## WHAT TO PRODUCE
Reproduce exactly the lines below, from the first one through the line containing "Sala de casa", and omit any pictures.

(Pictures with short captions)
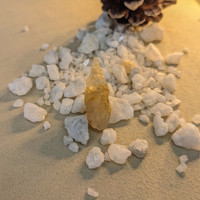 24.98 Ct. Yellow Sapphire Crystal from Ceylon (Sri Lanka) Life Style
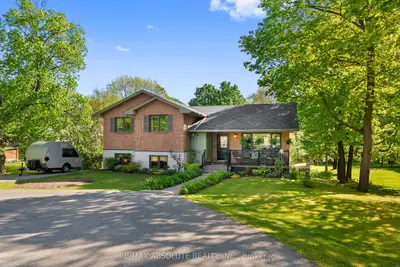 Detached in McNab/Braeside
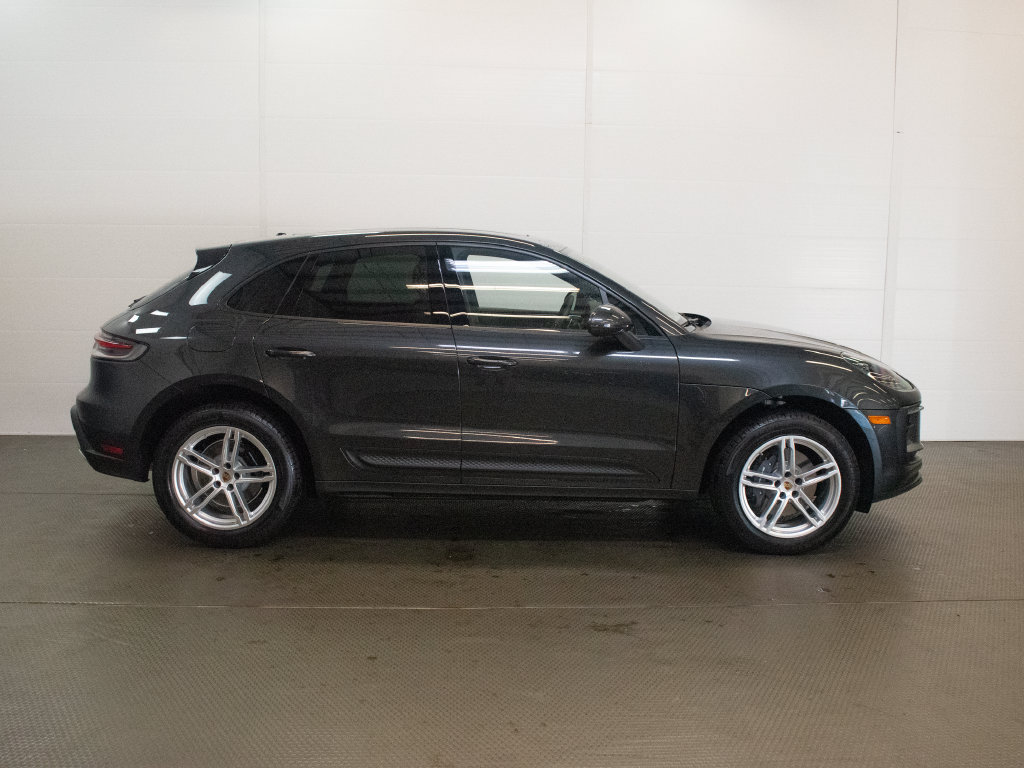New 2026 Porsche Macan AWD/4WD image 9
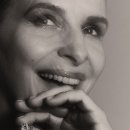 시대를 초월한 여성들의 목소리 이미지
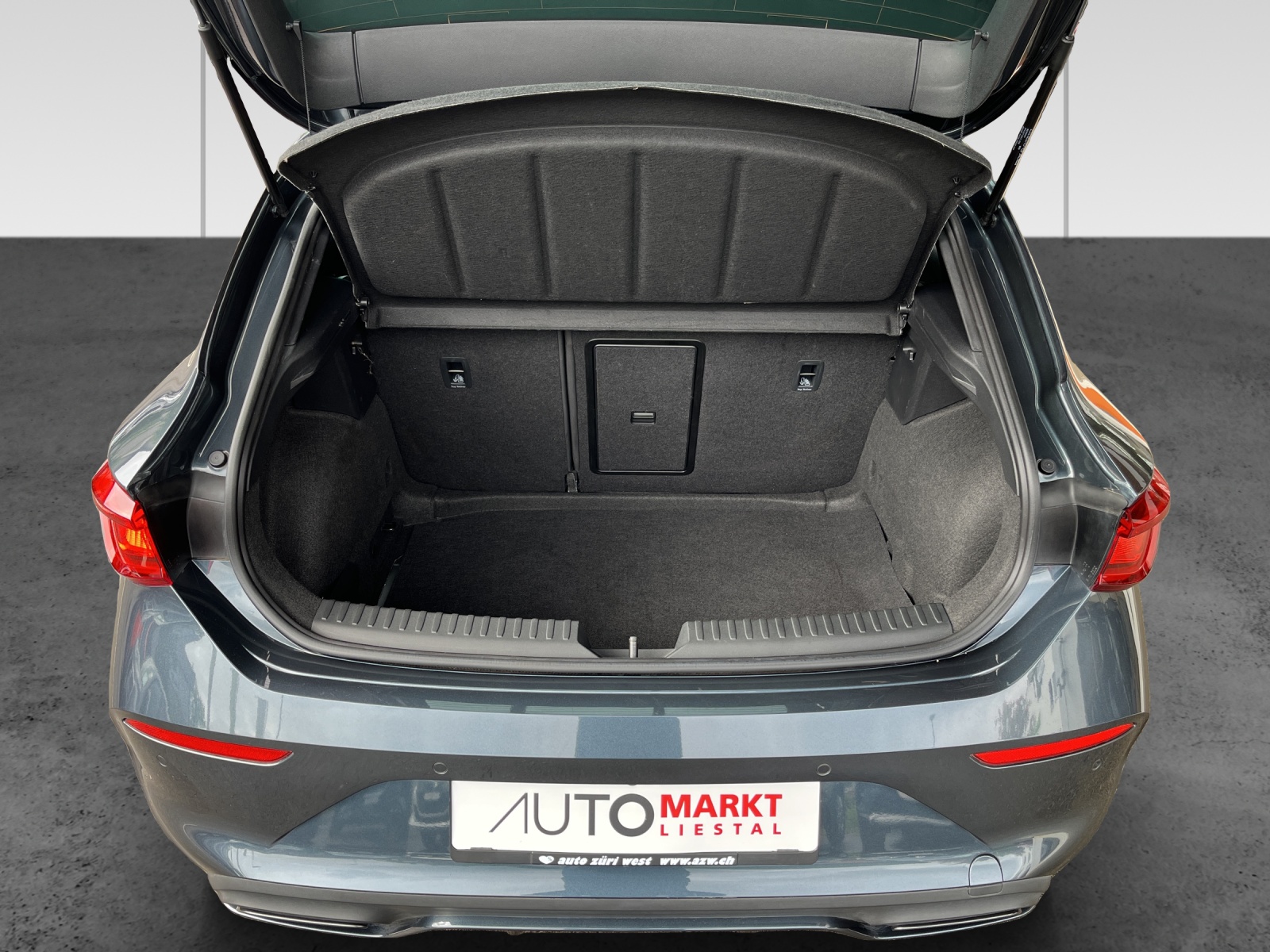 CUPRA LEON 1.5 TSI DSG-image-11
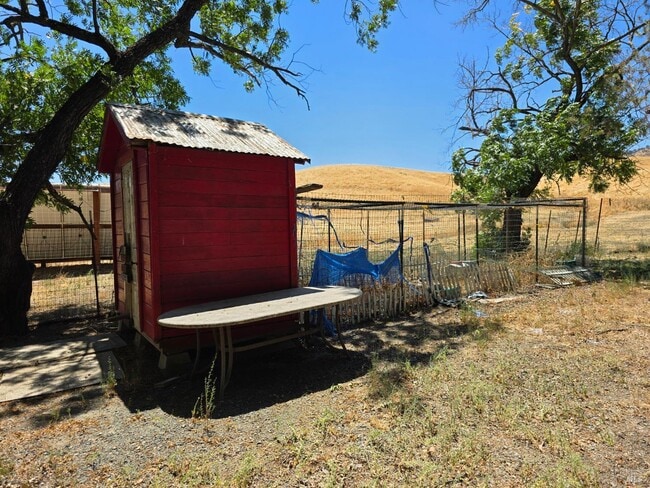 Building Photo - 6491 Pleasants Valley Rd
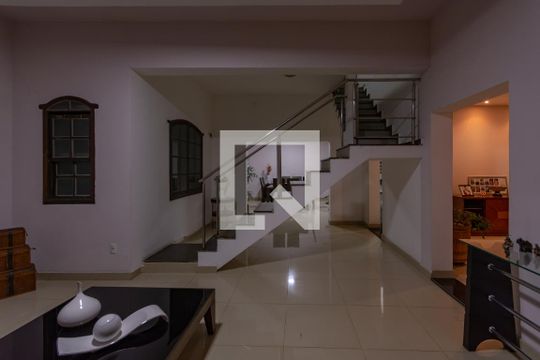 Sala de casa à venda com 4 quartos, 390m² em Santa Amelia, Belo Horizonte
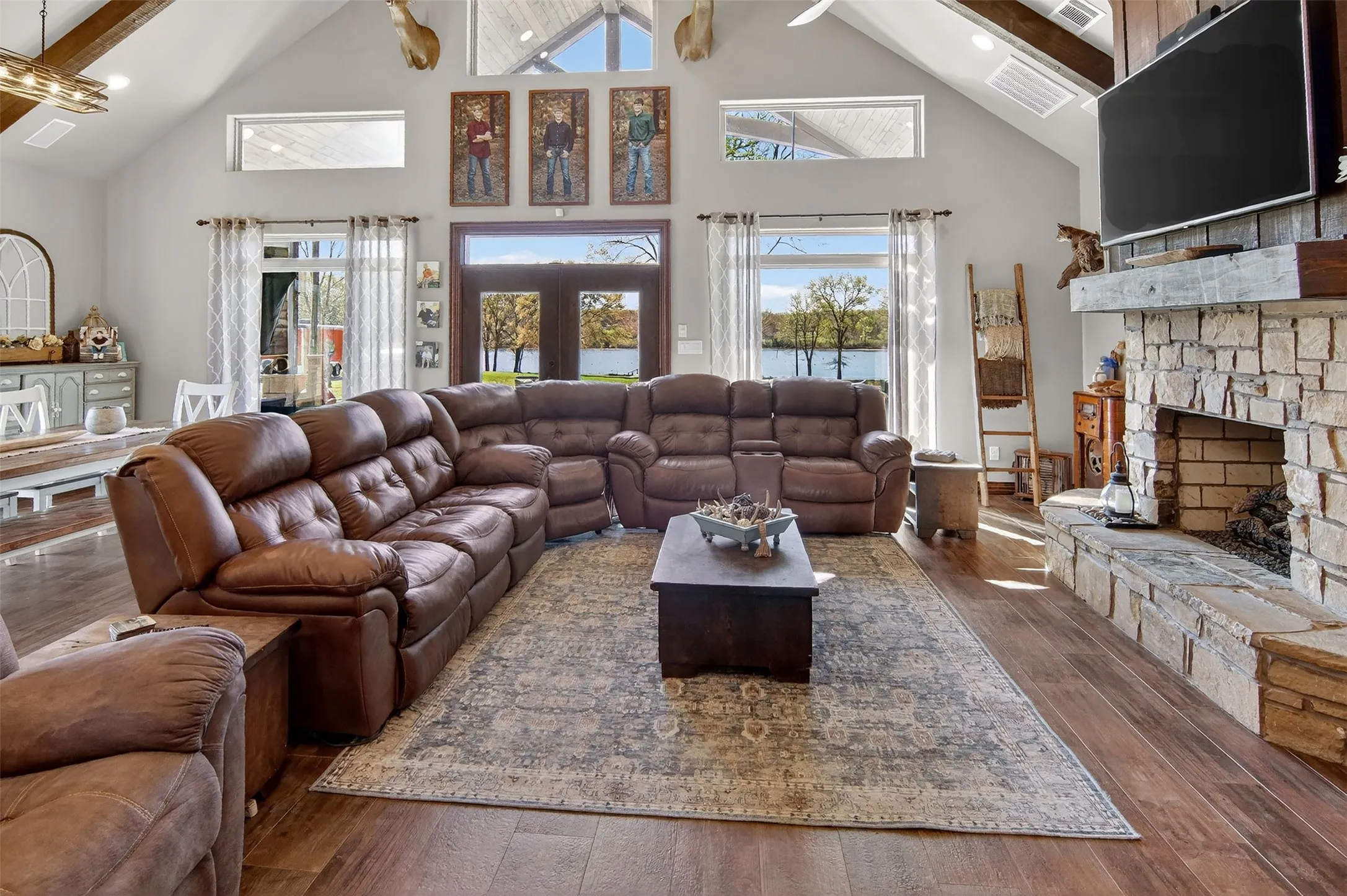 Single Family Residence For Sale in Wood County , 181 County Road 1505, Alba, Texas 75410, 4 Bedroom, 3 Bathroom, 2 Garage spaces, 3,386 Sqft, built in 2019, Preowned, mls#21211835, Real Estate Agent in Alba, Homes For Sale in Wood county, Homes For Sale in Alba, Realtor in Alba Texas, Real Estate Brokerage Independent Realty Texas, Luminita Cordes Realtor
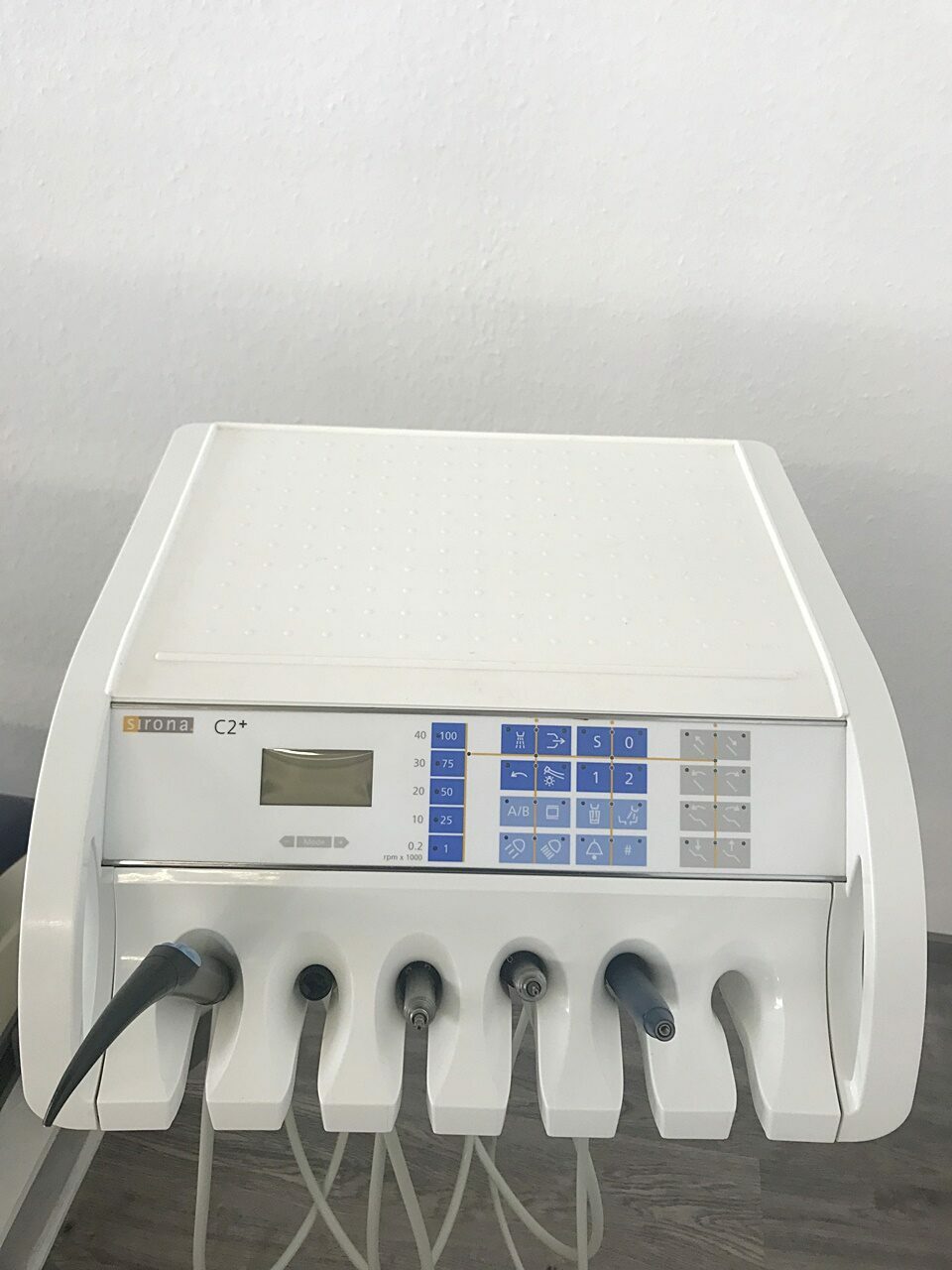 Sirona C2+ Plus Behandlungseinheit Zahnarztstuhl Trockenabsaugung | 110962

## SOLUTION TO THE PROBLEM
 24.98 Ct. Yellow Sapphire Crystal from Ceylon (Sri Lanka) Life Style
 Detached in McNab/Braeside
New 2026 Porsche Macan AWD/4WD image 9
 시대를 초월한 여성들의 목소리 이미지
 CUPRA LEON 1.5 TSI DSG-image-11
 Building Photo - 6491 Pleasants Valley Rd
 Sala de casa à venda com 4 quartos, 390m² em Santa Amelia, Belo Horizonte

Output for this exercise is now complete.